Understanding Multiple Linear Regression
Multiple linear regression is a staple in the world of statistical analysis, serving as a powerful tool for predicting and understanding the relationship between one outcome variable and two or more predictor variables. It’s like piecing together a puzzle where you’re trying to figure out how different factors come together to influence a specific result.
The Essence of Multiple Linear Regression
At its core, multiple linear regression involves drawing a line through a multi-dimensional space of data points, aiming to best represent the relationship between the dependent (outcome) variable and the independent (predictor) variables. While it might sound complex, think of it as finding the best path through a forest that connects various points of interest—the path represents the predicted outcomes based on different starting conditions.
Stages of Multiple Linear Regression Analysis
Multiple Linear Regression in Practice
Consider a study aiming to predict students’ reading scores on a standardized test based on five different aptitude tests. The first step is to ensure a linear relationship between the aptitude tests (predictor variables) and the reading scores (outcome variable). This is typically done by examining scatter plots for each predictor against the outcome, which can be easily generated in statistical software like SPSS through the Graphs menu.
In SPSS:
To tackle our research question—can we predict a student’s reading score based on their performance in five aptitude tests?—we start by visually inspecting the relationship between these variables using scatter plots. This can be done individually for each predictor or collectively using a matrix scatter plot feature found under Graphs/Legacy Dialogs/Scatter/Dot in SPSS. This visual inspection is crucial for confirming that our data meets the assumptions for multiple linear regression, setting the stage for a meaningful analysis.

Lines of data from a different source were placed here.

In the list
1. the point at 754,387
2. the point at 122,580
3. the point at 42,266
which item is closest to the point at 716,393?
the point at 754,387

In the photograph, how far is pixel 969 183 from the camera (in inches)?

In essence, multiple linear regression is about understanding and predicting the complex interplay between various factors and an outcome. By methodically analyzing, estimating, and evaluating, it provides a window into the causal relationships and trends that define our world.
The scatter plots indicate a good linear relationship between writing score and the aptitude tests 1 to 5, where there seems to be a positive relationship for aptitude test 1 and a negative linear relationship for aptitude tests 2 to 5.
Secondly, we need to check for multivariate normality. This can either be done with an ‘eyeball’ test on the Q-Q-Plots or by using the 1-Sample K-S test to test the null hypothesis that the variable approximates a normal distribution. The K-S test is not significant for all variables, thus we can assume normality.
Multiple linear regression is found in SPSS in Analyze/Regression/Linear…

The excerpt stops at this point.